About this task:
Please copy the leading lines of the entries below exactly, concluding with the line in which "Moist Pumpkin Bread" occurs.

-------- Provided data

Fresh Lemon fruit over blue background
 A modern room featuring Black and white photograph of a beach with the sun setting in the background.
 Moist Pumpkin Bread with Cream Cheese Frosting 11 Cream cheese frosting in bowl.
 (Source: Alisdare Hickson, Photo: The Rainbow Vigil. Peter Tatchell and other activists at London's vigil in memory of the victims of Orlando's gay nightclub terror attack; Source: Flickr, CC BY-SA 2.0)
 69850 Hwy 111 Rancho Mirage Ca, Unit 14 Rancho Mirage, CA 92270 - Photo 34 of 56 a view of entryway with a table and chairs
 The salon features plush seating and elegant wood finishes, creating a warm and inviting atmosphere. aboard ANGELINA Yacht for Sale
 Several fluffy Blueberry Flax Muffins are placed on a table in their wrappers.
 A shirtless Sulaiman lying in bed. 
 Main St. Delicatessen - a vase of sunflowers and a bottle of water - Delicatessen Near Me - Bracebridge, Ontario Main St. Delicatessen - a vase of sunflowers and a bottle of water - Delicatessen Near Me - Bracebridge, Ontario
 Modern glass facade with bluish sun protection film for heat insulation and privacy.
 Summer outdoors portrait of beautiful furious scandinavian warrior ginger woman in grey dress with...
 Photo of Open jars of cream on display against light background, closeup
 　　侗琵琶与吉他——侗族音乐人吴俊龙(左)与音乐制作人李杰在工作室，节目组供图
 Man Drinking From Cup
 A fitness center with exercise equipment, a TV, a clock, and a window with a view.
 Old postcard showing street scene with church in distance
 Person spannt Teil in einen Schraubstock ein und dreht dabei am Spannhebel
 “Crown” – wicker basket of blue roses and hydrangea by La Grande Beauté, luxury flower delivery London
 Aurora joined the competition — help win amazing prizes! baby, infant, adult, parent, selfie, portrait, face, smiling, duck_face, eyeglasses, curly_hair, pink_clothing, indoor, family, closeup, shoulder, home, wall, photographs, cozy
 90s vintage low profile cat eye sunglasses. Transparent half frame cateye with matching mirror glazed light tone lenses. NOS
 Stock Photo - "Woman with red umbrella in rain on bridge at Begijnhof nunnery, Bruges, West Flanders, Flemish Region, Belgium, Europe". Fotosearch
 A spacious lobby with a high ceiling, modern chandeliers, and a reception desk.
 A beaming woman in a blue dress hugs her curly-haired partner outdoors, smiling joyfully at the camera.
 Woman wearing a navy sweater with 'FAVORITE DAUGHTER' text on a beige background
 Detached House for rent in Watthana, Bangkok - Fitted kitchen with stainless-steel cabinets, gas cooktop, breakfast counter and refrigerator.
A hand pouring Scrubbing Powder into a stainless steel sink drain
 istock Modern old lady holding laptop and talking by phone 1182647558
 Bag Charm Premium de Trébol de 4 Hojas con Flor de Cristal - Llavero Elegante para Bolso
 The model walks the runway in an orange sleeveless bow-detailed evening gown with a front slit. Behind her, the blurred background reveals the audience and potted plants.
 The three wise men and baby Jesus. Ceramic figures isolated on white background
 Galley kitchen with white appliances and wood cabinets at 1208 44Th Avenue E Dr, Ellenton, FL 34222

----------------

Solution:
Fresh Lemon fruit over blue background
 A modern room featuring Black and white photograph of a beach with the sun setting in the background.
 Moist Pumpkin Bread with Cream Cheese Frosting 11 Cream cheese frosting in bowl.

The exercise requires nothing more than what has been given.